Another principle value in our Natural Resource Management Plan (NRMP) written by Audubon International is Integrated Pest Management. Many scientific and common-sense practices are used to eliminate or reduce pesticide use, inhibit the mobility of nutrients and provide the proper product for our climate. Having a certain threshold for the number of broadleaf weeds within a given area is one example. Once the threshold is met, a herbicide can be used with a backpack sprayer. This process greatly reduces the amount of herbicide used versus broadcast spraying the entire fairway, and even after five seasons our course remains virtually weed-free. Fertilizers that are used on the course must be organic or slow-release to avoid possible leaching into the ground water. Spring and fall applications of poultry-based fertilizer are used to build the soil, and one summer application of slow-release synthetic will hold our color throughout the golfing season. Building healthy soil can greatly reduce the amount of nitrogen needed and save money. Old Greenwood opened in the fall of 2004, and on September 14, 2005, we became the first Audubon International Certified Gold Signature Sanctuary golf in the state of California.

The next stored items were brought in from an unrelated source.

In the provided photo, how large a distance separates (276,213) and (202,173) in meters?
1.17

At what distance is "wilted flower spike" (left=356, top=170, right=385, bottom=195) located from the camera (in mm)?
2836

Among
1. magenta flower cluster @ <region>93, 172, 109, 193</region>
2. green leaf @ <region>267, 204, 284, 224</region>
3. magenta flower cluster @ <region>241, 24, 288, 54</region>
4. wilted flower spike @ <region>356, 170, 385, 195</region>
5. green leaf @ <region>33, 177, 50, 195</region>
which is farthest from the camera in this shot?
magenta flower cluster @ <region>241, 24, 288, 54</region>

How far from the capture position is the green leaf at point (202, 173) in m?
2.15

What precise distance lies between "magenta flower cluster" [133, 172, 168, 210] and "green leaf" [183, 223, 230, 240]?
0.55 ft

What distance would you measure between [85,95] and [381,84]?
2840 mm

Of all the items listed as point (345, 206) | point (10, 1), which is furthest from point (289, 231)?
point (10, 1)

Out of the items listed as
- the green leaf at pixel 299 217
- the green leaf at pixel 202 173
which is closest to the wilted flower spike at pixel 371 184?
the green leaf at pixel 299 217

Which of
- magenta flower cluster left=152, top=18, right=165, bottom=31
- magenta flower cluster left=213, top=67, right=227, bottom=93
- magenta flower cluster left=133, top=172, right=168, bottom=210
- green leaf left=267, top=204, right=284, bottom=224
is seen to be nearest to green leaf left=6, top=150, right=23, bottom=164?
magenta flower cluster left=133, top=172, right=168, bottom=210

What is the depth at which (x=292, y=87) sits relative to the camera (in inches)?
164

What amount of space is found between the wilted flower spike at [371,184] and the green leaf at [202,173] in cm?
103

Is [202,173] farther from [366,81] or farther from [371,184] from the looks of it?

Two-thousand five also brought the start of construction to our sister course, The Golf Club at Gray’s Crossing. This course was a planned private design by Peter Jacobsen and Jim Hardy, and also done with the aid of our environmental mentor, Audubon International. All of the same planning and practices went into the course as well, but we had a sharper pencil this time to do an even better job with construction. We stuck to our grassing specifications but we used less of it. The course has more of a “links” feel, with native grasses surrounding the tee complexes and hints of wildflowers along the edges of each hole. Care was taken to keep all wetlands undisturbed with barriers and silt fence surrounding the perimeters of all native wetlands. Bridges were built over these wetlands without any equipment touching the ground and the piping and electrical were routed underneath. When we opened the course in July of 2007, it looked like the course had been “placed’ in its native surrounding of Pine, Sage and Bitterbrush. Gray’s Crossing became the second Certified Gold Audubon International Signature Sanctuary in the state of California on September 12, 2007.

Golf and the environment can definitely go hand in hand, and our courses are just an example of how that can happen. Courses around the nation (including ours) can always strive to do a better job being stewards of the environment. Superintendents and owners alike play a crucial role in the way their facilities are managed and perceived. Gone are the days of heavy metal fungicides and toxic chemicals. Technology is our friend and so is our environment.